Re: [Zope] Re: [Zope-dev] Re: Zcatalog bloat problem (berkeleydb is a solution?)

2001-06-26 Thread Chris McDonough


abel deuring wrote:
 A text index (class SearchIndex.UnTextIndex) is definetely is a cause of
 bloating, if you use CatalogAware objects. An UnTextIndex maintains for

Right.. if you don't use CatalogAware, however, and don't unindex before
reindexing an object, you should see a huge bloat savings, because the
only things which are supposed to be updated then are indexes and
metadata which have data that has changed.

 each word a list of documents, where this word appears. So, if a
 document to be indexed contains, say, 100 words, 100 IIBTrees
 (containing mappings documentId - word score) will be updated. (see
 UnTextIndex.insertForwardIndexEntry) If you have a larger number of
 documents, these mappings may be quite large: Assume 10.000 documents,
 and assume that you have 10 words which appear in 30% of all documents.
 Hence, each of the IIBTrees for these words contains 3000 entries. (Ok,
 one can try to keep this number of frequent words low by using a good
 stop word list, but at least for German, such a list is quite difficult
 to build. And one can argue that many not too really frequent words
 should be indexed in order to allow more precise phrase searches)I don't
 know the details, how data is stored inside the BTress, so I can give
 only a rough estimate of the memory requirements: With 32 bit integers,
 we have at least 8 bytes per IIBTree entry (documentId and score), so
 each of the 10 BTree for the frequent words has a minimum length of
 3000*8 = 24000 bytes.
 
 If you now add a new document containing 5 of these frequent words, 5
 larger BTrees will be updated. [Chris, let me know, if I'm now going to
 tell nonsense...] I assume that the entire updated BTrees = 12 bytes
 will be appended to the ZODB (ignoring the less frequent words) -- even
 if the document contains only 1 kB text.

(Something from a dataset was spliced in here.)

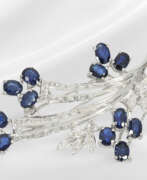 Hairpins. Brooch/pin: very decorative vintage sapphire/diamo…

Nah... I don't think so.  At least I hope not!  Each bucket in a BTree
is a separate persistent object.  So only the sum of the data in the
updated buckets will be appended to the ZODB.  So if you add an item to
a BTree, you don't add 24000+ bytes for each update.  You just add the
amount of space taken up by the bucket... unfortunately I don't know
exactly how much this is, but I'd imagine it's pretty close to the
datasize with only a little overhead.
 
 This is the reason, why I'm working on some kind of lazy cataloging.
 My approach is to use a Python class (or Base class,if ZClasses are
 involved), which has a method manage_afterAdd. This method looks for
 superValues of a type like lazyCatalog (derived from ZCatalog), and
 inserts self.getPhysicalPath() into the update list of each found
 lazyCatalog.
 
 Later, a lazyCatalog can index all objects in this list. Then, then
 bloating happens either in RAM (without subtransaction), or in a
 temporary file, if you use subtransactions.
 
 OK, another approach which fits better to your (Giovanni) needs might be
 to use another data base than ZODB, but I'm afarid that even then
 instant indexing will be an expensive process, if you have a large
 number of documents.

Another option is to use a session manager, and update the catalog at
session-end.

- C

___
Zope-Dev maillist  -  [EMAIL PROTECTED]
http://lists.zope.org/mailman/listinfo/zope-dev
**  No cross posts or HTML encoding!  **
(Related lists - 
 http://lists.zope.org/mailman/listinfo/zope-announce
 http://lists.zope.org/mailman/listinfo/zope )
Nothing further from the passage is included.